Jakub Jelinek <ja...@redhat.com> writes:
> On Mon, Mar 06, 2023 at 03:08:00PM +0000, Richard Sandiford via Gcc-patches 
> wrote:
>> Segher Boessenkool <seg...@kernel.crashing.org> writes:
>> > On Mon, Mar 06, 2023 at 12:47:06PM +0000, Richard Sandiford wrote:
>> >> How about the patch below?
>> >
>> > What about it?  What would make it any better than the previous?
>> 
>> It does what Jeff suggested in the quoted message: work within the existing
>> extract/make_compound_operation scheme rather than try to opt out of it.
>
> That still feels like it could be risky in stage4, affecting various other
> FEs which would be expecting ANDs in their patterns instead of *_EXTEND, no?
> So, at least we'd need something like Segher ran to test it on various
> targets on Linux kernel (but would be really nice to get also i?86/x86_64).
>
> If it were on the aarch64 side just one pattern, I'd suggest a pre-reload
> splitter, but unfortunately the sign extends (and zero extends?) are handled
> in legitimate address hook.  Also, I see nonzero_bits only called in
> rs6000's combine splitter and s390'x canonicalize_comparison target hook,
> nowhere else in the backends, so I think using it outside of the combiner
> isn't desirable.
>
> Could we have a target hook to canonicalize memory addresses for combiner,
> like we have that targetm.canonicalize_comparison ?

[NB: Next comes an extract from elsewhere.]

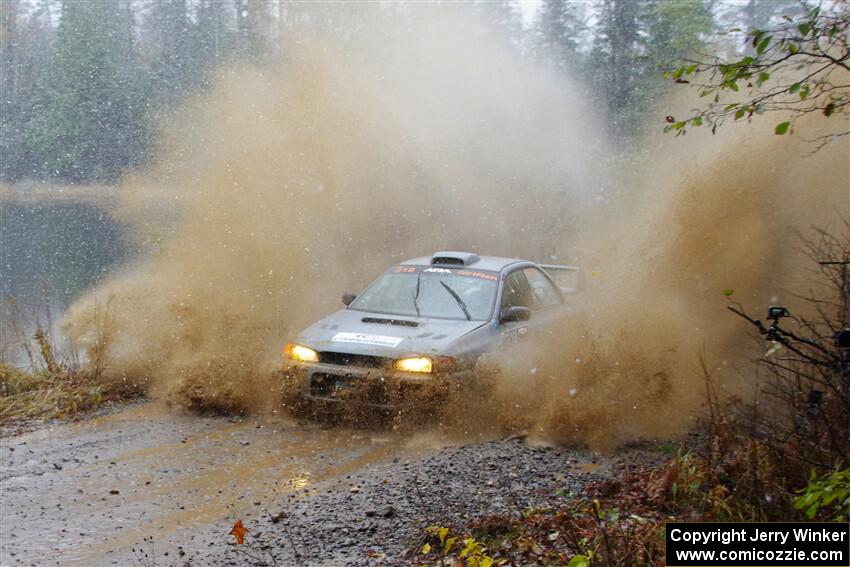 Nick Morris / Josh Kemp Subaru Impreza on SS9, Nestoria-Herman.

I don't think a hook makes sense as a long-term design decision.
The canonicalisation we're doing here isn't logically AArch64-specific,
and in general, the less variation in RTL rules between targets, the better.

But if you mean adding target control as a GCC 13 hack, to avoid any
effect on other targets, then TBH, I'd prefer just sticking it in an
#ifdef GCC_AARCH64_H :-)  That makes it 100% clear that it's a
temporary hack to restrict the target impact rather than something
based on fundamentals.  We can then revisit for GCC 14.